January 16, 2007

All Bets Are Off

Have you ever heard of King Ludwig of Bavaria? He was this totally wacko king who bankrupted his country in the 19th century building extraordinary castles in the mountains - castles which were built in styles that hearkened back several centuries. It's as if you suddenly started building yourself a Baroque manse to go into your acre lot. When we visited my mom in Germany, we went to see the most famous of these castles, Neuschwanstein, a gorgeous almost toy-like structure that looks like a young girl's princess dreamscape. It's breathtakingly set amidst dramatic viewing points in mountain ridges (this bridge is one of them - it's where the first photo was shot from), but you are never quite free of the haunting thought of the wastefulness of building it while the country was dissolving.

In any case, several years later, when we moved to Philadelphia, Misha came home one day to announce that among the many, many murals that decorate the walls of this city, he had found one dedicated to King Ludwig.
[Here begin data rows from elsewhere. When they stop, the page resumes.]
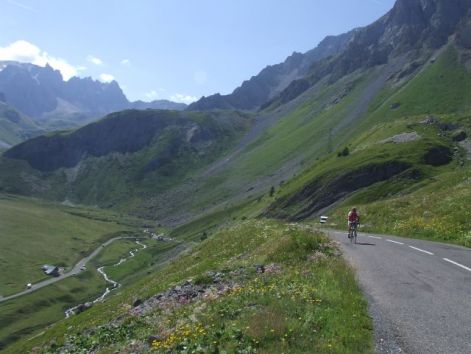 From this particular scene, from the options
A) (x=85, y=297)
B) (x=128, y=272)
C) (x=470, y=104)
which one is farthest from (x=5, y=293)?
(x=470, y=104)

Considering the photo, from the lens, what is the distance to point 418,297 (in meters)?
17.0

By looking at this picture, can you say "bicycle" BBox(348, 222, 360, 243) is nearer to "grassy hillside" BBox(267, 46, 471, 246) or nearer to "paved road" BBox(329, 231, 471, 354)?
"paved road" BBox(329, 231, 471, 354)

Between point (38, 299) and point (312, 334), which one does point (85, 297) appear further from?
point (312, 334)

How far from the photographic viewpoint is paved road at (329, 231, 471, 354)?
12617 mm

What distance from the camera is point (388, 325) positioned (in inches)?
544

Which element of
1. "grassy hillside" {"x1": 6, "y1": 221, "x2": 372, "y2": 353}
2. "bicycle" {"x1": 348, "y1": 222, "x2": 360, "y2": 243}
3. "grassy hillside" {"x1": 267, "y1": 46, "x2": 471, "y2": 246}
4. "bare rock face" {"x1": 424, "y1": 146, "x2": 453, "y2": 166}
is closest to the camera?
"grassy hillside" {"x1": 6, "y1": 221, "x2": 372, "y2": 353}

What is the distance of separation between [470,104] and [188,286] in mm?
201621

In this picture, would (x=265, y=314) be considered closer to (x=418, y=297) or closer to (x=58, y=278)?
(x=418, y=297)

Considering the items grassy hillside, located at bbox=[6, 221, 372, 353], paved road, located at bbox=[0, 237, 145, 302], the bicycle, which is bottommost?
paved road, located at bbox=[0, 237, 145, 302]

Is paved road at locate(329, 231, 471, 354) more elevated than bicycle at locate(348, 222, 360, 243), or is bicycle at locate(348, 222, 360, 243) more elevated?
bicycle at locate(348, 222, 360, 243)

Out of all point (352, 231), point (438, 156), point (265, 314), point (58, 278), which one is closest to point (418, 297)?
point (265, 314)

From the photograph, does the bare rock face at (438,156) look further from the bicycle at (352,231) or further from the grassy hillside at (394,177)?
the bicycle at (352,231)

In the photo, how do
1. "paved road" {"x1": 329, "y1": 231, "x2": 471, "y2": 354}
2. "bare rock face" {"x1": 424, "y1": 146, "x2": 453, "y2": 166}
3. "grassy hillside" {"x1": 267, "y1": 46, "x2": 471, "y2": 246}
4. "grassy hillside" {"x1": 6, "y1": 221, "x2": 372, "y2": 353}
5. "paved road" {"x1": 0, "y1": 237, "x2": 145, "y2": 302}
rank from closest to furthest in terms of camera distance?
"grassy hillside" {"x1": 6, "y1": 221, "x2": 372, "y2": 353} < "paved road" {"x1": 329, "y1": 231, "x2": 471, "y2": 354} < "grassy hillside" {"x1": 267, "y1": 46, "x2": 471, "y2": 246} < "bare rock face" {"x1": 424, "y1": 146, "x2": 453, "y2": 166} < "paved road" {"x1": 0, "y1": 237, "x2": 145, "y2": 302}

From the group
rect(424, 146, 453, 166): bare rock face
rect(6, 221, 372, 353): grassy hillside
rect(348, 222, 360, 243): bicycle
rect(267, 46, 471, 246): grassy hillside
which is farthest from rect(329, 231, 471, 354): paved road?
rect(424, 146, 453, 166): bare rock face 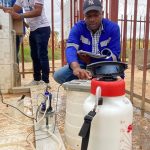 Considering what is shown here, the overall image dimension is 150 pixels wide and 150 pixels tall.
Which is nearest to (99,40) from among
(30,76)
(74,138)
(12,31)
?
(74,138)

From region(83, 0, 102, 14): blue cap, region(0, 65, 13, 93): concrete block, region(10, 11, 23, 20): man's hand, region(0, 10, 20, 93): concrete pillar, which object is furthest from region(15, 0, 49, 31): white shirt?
region(83, 0, 102, 14): blue cap

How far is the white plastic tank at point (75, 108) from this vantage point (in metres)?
1.88

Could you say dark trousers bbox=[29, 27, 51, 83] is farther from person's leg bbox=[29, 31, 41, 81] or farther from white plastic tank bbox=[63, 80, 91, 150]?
white plastic tank bbox=[63, 80, 91, 150]

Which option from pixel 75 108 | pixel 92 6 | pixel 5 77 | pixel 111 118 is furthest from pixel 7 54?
pixel 111 118

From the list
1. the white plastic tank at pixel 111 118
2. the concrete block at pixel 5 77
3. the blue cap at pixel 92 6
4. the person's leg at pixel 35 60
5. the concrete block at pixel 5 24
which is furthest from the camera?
the person's leg at pixel 35 60

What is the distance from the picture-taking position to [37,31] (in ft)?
12.0

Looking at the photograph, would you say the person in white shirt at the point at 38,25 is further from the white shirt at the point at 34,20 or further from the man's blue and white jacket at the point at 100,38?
the man's blue and white jacket at the point at 100,38

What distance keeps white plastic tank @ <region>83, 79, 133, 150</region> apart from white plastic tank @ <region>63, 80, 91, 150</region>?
447 millimetres

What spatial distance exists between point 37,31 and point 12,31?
283mm

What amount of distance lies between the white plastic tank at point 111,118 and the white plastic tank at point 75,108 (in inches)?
17.6

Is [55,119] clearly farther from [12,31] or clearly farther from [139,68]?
[139,68]

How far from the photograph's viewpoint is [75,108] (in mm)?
1935

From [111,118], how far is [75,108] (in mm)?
575

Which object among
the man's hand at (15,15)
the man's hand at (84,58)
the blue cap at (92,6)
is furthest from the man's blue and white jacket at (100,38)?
the man's hand at (15,15) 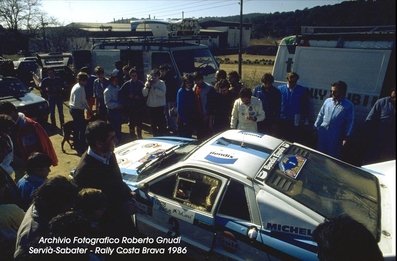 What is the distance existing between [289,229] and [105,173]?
2.06 meters

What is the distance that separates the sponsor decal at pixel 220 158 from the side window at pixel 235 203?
0.28 m

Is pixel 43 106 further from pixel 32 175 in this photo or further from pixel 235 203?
pixel 235 203

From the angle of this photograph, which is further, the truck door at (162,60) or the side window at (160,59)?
the side window at (160,59)

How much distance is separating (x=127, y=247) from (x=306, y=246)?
216 cm

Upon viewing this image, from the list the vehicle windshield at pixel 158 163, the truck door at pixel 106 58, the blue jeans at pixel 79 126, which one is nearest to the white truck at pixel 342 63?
the vehicle windshield at pixel 158 163

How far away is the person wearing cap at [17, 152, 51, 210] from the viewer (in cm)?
350

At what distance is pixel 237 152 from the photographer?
3627 millimetres

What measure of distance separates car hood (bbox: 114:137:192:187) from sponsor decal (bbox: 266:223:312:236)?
1897 mm

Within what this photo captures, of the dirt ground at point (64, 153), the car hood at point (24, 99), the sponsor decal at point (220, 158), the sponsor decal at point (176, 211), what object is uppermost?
the sponsor decal at point (220, 158)

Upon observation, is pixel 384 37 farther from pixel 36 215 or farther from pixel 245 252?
pixel 36 215

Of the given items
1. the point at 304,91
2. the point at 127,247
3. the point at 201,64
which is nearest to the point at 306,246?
the point at 127,247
Really? King Ludwig? Here? But why? I didn't particularly believe him, and decided that he must have dreamt it, or mistaken something for the castle - especially since all Google searches proved useless. We had a semi-real bet going about it until yesterday. Randomly walking through a small back street on our way home, guess what we found on the corner of Juniper and Spruce?

So the bet is off, and I'll try to doubt Misha less again. It seems that this is a pub called Ludwig's Garten, with its own mural, not one produced by the city, which is probably why it doesn't show up on Google.


Liesl said...

Neuschawnstein is a sight to behold. It's a truly beautiful castle, though yes, very lavish. It's no wonder it never got finished.

I don't think I would have believe him either, about the mural.

Anna said...

Haha! I told Misha that the web doesn't believe his tales either without proof :)

We were stunned by both the castle and the grounds - and also by all the other castles Ludwig built. They really were gorgeous! I can't imagine what they would have looked like totally finished.